Asbel Kiprop Banned Four Years For Doping Violation

The former 1,500m Olympic and World champion from Kenya cannot compete until 2022.

Apr 20, 2019 by Lincoln Shryack
Asbel Kiprop Banned Four Years For Doping Violation

Former 1,500m Olympic and World champion Asbel Kiprop of Kenya has been banned four years for a doping violation, the IAAF’s Athletics Integrity Unit (AIU) announced on Saturday. The 29-year-old Kiprop tested positive for EPO in a out-of-competition test in late 2017, and was provisionally suspended from competition on February 3, 2018.

The runner’s ban is retroactive to that date and prevents him from competing until at least 2022. In effect, this ruling will likely end the career of the 2008 Olympic champion, who was awarded gold in Beijing after Moroccan Rashid Ramzi was stripped of his title for doping.

Less than three weeks after his initial suspension, Kiprop’s ‘B’ sample tested positive, which set off a lengthy legal process between the athlete’s lawyers and the AIU. 

Kiprop has continually denied deliberately injecting the banned substance, instead offering up the theory that his sample was tampered with by anti-doping officials who sought to extort him for money. 

The middle distance runner claimed that the officials asked for money without naming an amount or purpose, which he paid without question. Kiprop later theorized that the money was a bribe relating to his test and that his sample was corrupted as a result of him not providing enough money. The AIU, however, was unable to find any evidence that such a conspiracy took place.
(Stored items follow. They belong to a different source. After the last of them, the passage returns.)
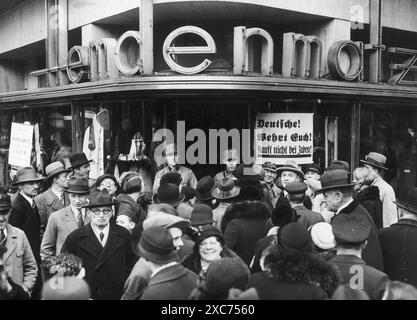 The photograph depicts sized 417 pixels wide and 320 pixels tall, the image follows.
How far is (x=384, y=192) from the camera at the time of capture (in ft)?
26.6

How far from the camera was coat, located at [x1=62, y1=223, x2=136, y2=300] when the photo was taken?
568cm

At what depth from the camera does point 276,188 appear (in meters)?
9.29

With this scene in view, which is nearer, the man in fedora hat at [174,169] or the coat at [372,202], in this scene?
the coat at [372,202]

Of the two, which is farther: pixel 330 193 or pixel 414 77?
pixel 414 77

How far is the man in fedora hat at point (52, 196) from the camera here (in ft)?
25.3

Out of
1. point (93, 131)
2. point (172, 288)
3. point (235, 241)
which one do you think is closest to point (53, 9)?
point (93, 131)

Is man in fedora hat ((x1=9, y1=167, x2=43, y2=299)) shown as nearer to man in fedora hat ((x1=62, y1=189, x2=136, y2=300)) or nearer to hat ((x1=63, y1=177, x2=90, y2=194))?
hat ((x1=63, y1=177, x2=90, y2=194))

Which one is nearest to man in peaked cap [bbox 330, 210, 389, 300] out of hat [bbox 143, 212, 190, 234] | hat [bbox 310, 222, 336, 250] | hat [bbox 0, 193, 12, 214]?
hat [bbox 310, 222, 336, 250]

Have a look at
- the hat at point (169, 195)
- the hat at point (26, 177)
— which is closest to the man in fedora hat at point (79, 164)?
the hat at point (26, 177)

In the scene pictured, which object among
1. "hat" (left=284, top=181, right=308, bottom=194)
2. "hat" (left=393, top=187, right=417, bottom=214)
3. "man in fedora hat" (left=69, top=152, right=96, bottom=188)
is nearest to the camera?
"hat" (left=393, top=187, right=417, bottom=214)

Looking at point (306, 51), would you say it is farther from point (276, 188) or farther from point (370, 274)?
point (370, 274)

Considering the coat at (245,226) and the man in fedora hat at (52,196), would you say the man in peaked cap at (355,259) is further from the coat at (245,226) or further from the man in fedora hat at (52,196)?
the man in fedora hat at (52,196)

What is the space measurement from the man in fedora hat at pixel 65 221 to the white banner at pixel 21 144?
6784 millimetres

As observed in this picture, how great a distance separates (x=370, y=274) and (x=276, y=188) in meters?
5.07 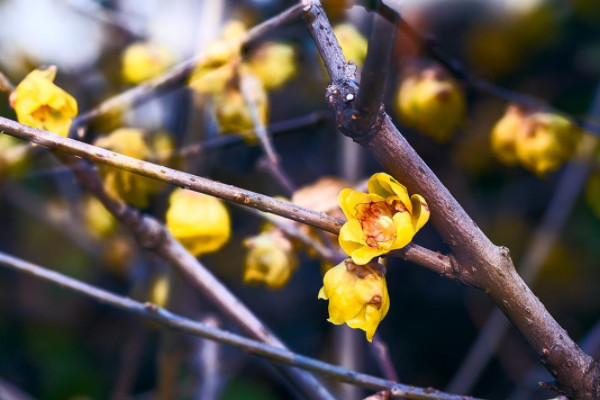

“However, although the Panel expressly invited the Athlete to explain how the demand for payment (and its satisfaction) could have caused the Adverse Analytical Finding, he was unable to provide such explanation and again the Panel was unable itself to conceive of one. The link remained missing,” the AIU’s decision read.

Kiprop’s lawyers offered up myriad explanations for the positive test in the legal process to prove his innocence— claiming that the EPO existed naturally in Kiprop as a result of hard training, was a result of a drug interaction between an antibiotic and two other medications, was spiked, and that protocol was violated in the handling of the sample. 

The AIU rejected all of these theories and Kiprop was unable to prove his innocence.

Kiprop can appeal the decision.

As it stands now, this entire ordeal greatly damages the legacy of one of the greatest 1,500m runners in world history. Kiprop won three straight outdoor world titles from 2011 to 2015, the legitimacy of which will now surely be the subject of speculation. The Kenyan never tested positive before 2017, but his sterling career has no doubt been muddied by this situation. 

Kiprop is the third-fastest man in history with his 3:26.69 PB from 2015.